**Problem details:** Read through the data and count the lines that contain the string "from"; give only the result.

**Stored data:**
┄┄┄┄┄┄┄┄┄┄┄┄┄┄┄┄┄┄┄┄

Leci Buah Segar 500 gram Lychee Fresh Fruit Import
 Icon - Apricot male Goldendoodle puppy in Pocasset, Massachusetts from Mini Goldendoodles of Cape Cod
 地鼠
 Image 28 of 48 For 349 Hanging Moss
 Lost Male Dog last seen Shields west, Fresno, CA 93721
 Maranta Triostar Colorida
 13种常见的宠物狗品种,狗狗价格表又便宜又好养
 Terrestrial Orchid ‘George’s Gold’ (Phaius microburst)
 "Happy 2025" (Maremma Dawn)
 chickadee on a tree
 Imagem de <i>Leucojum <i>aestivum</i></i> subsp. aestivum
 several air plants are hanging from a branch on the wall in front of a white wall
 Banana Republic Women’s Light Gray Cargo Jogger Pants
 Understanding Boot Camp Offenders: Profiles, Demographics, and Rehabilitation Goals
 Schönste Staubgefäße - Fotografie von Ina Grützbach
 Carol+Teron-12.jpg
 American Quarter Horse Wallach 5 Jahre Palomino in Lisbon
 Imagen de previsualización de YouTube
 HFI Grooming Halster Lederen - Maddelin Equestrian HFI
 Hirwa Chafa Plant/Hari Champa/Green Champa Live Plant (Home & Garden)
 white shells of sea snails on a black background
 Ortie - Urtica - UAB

┄┄┄┄┄┄┄┄┄┄┄┄┄┄┄┄┄┄┄┄

**Result below:** 2